@payloadcms-vectorize/pg
v0.7.1
Published
PostgreSQL adapter for payloadcms-vectorize
Readme
@payloadcms-vectorize/pg
PostgreSQL adapter for payloadcms-vectorize. Enables vector search capabilities using PostgreSQL's pgvector extension.
Prerequisites
- PostgreSQL with pgvector extension
- Payload CMS 3.x with
@payloadcms/db-postgres - Node.js 18+
Installation
pnpm add @payloadcms-vectorize/pg payloadcms-vectorizeQuick Start
1. Ensure pgvector permissions
The plugin expects the vector extension to be configured when Payload initializes. Your PostgreSQL database user must have permission to create extensions. If your user doesn't have these permissions, someone with permissions may need to manually create the extension once:
CREATE EXTENSION IF NOT EXISTS vector;Note: Most managed PostgreSQL services (like AWS RDS, Supabase, etc.) require superuser privileges or specific extension permissions. If you encounter permission errors, contact your database administrator or check your service's documentation.
2. Configure the Plugin
import { buildConfig } from 'payload'
import { postgresAdapter } from '@payloadcms/db-postgres'
import { createPostgresVectorIntegration } from '@payloadcms-vectorize/pg'
import payloadcmsVectorize from 'payloadcms-vectorize'
// Create the integration with static configs (dims, ivfflatLists)

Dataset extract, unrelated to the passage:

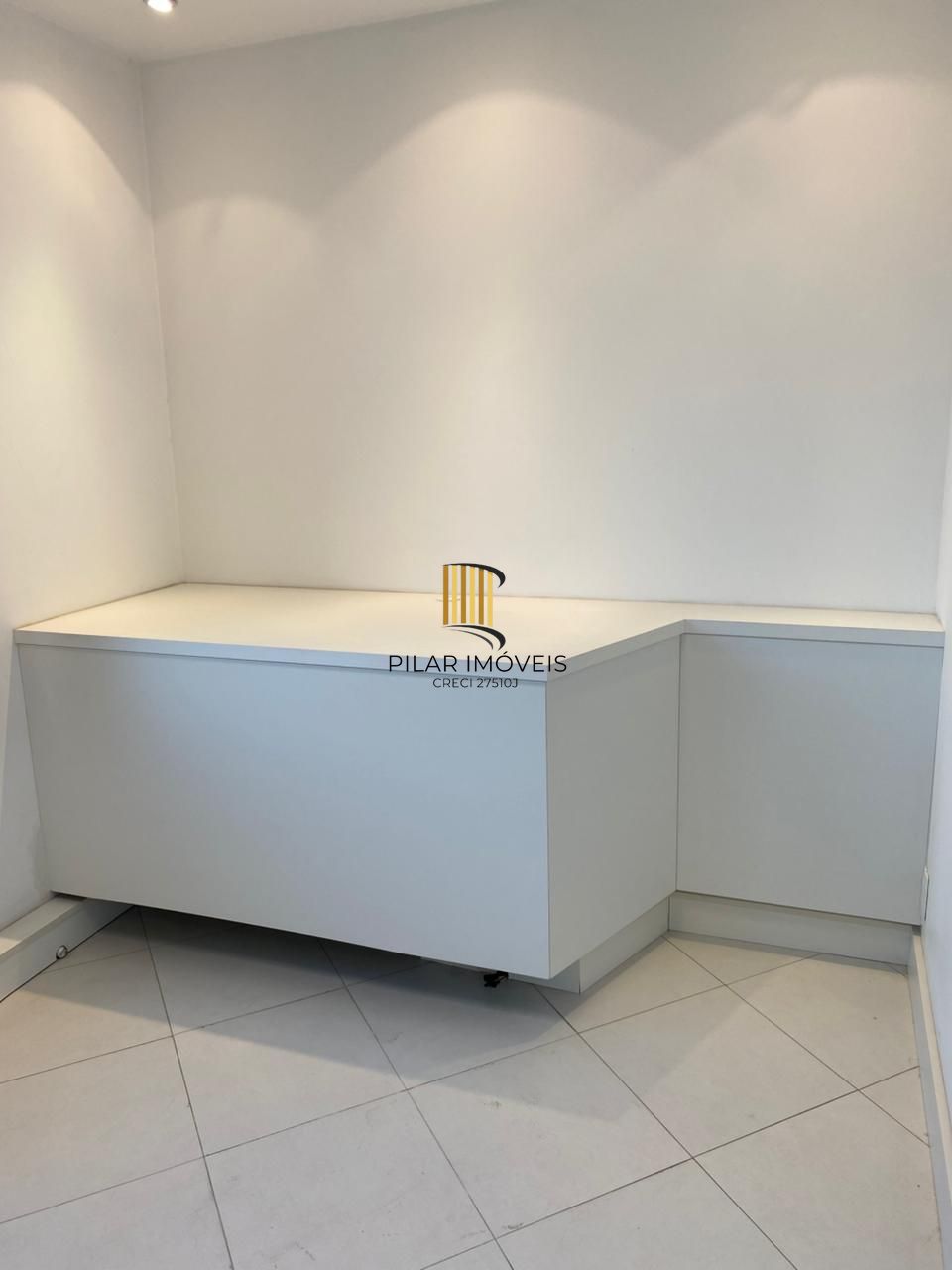 Sala Comercial 4 dormitórios no bairro Menino Deus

const integration = createPostgresVectorIntegration({
// Note: Changing dims requires a migration with TRUNCATE.
// Changing ivfflatLists rebuilds the index (non-destructive).
default: {
dims: 1536, // Vector dimensions (must match your embedding model)

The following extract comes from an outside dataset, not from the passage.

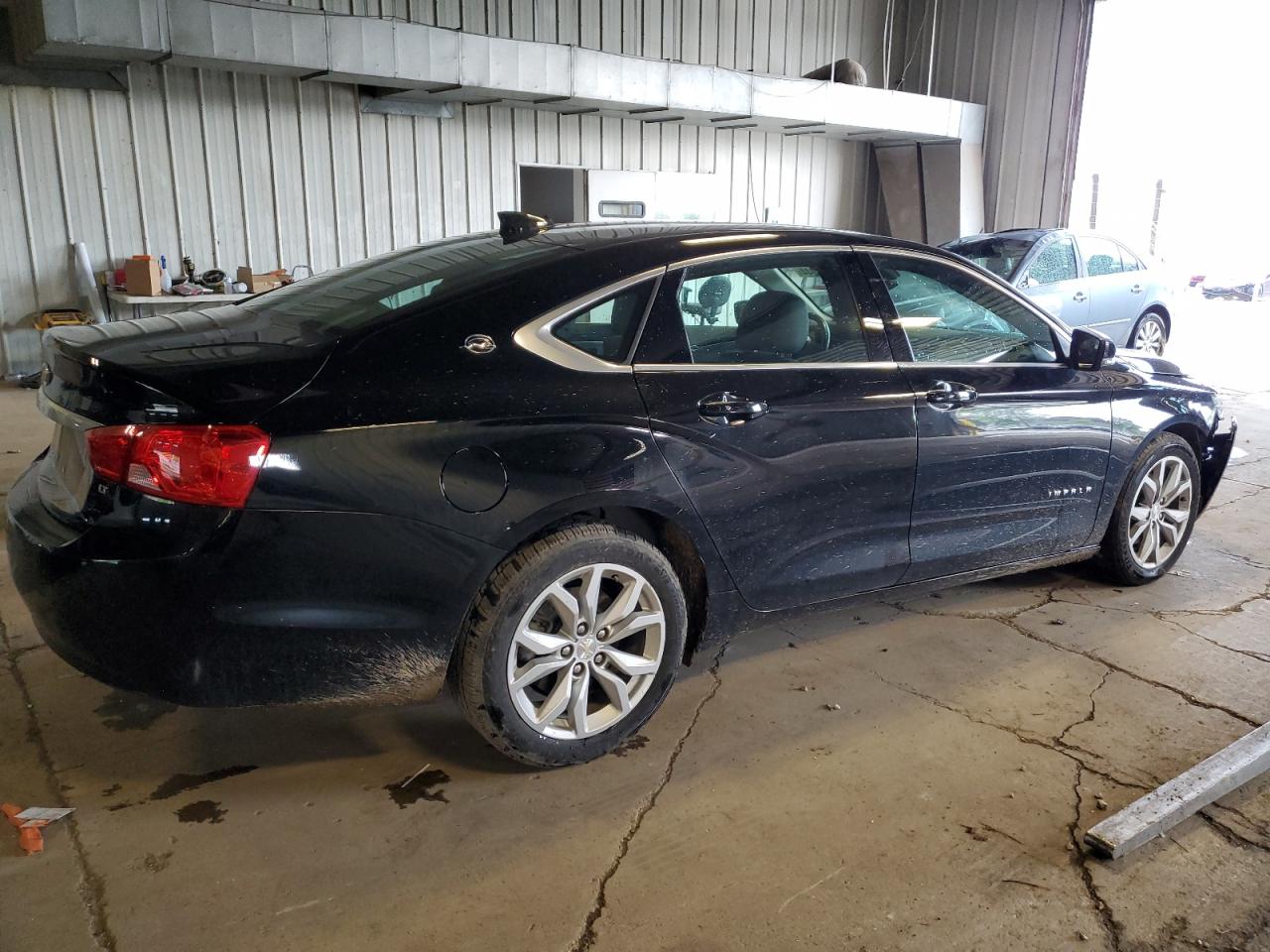 Photo 2 VIN: 1G11Z5SA3KU140674 - CHEVROLET IMPALA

ivfflatLists: 100, // IVFFLAT index parameter
},
})
export default buildConfig({
// ... your existing config
db: postgresAdapter({
// Configure the 'vector' extension
extensions: ['vector'],
// afterSchemaInitHook adds vector columns and IVFFLAT indexes to your schema
afterSchemaInit: [integration.afterSchemaInitHook],
pool: {
connectionString: process.env.DATABASE_URL,
},
}),
plugins: [
payloadcmsVectorize({
dbAdapter: integration.adapter,
knowledgePools: {
default: {
collections: {
posts: {
toKnowledgePool: async (doc) => [{ chunk: doc.title || '' }],
},
},
embeddingConfig: {
version: 'v1.0.0',
queryFn: embedQuery,
realTimeIngestionFn: embedDocs,
},
},
},
}),
],
})Static Configuration
The createPostgresVectorIntegration function accepts a configuration object where each key is a knowledge pool name:
const integration = createPostgresVectorIntegration({
poolName: {
dims: number, // Required: Vector dimensions
ivfflatLists: number // Required: IVFFLAT index lists parameter
},
// ... additional pools
})Configuration Options
| Option | Type | Required | Description |
|--------|------|----------|-------------|
| dims | number | Yes | Vector dimensions for the pgvector column. Must match your embedding model's output dimensions. |
| ivfflatLists | number | Yes | Number of lists for the IVFFLAT index. Higher values = faster queries but slower index builds. Recommended: sqrt(num_rows) to num_rows / 1000. |
Integration Return Value
createPostgresVectorIntegration returns an object with:
| Property | Type | Description |
|----------|------|-------------|
| afterSchemaInitHook | Function | Hook for postgresAdapter.afterSchemaInit that adds vector columns and IVFFLAT indexes |
| adapter | DbAdapter | The database adapter to pass to payloadcmsVectorize({ dbAdapter: ... }) |
Migrations
Initial Setup
After configuring the plugin, create and apply your initial migration. The IVFFLAT indexes are created automatically via the afterSchemaInitHook using Drizzle's extraConfig.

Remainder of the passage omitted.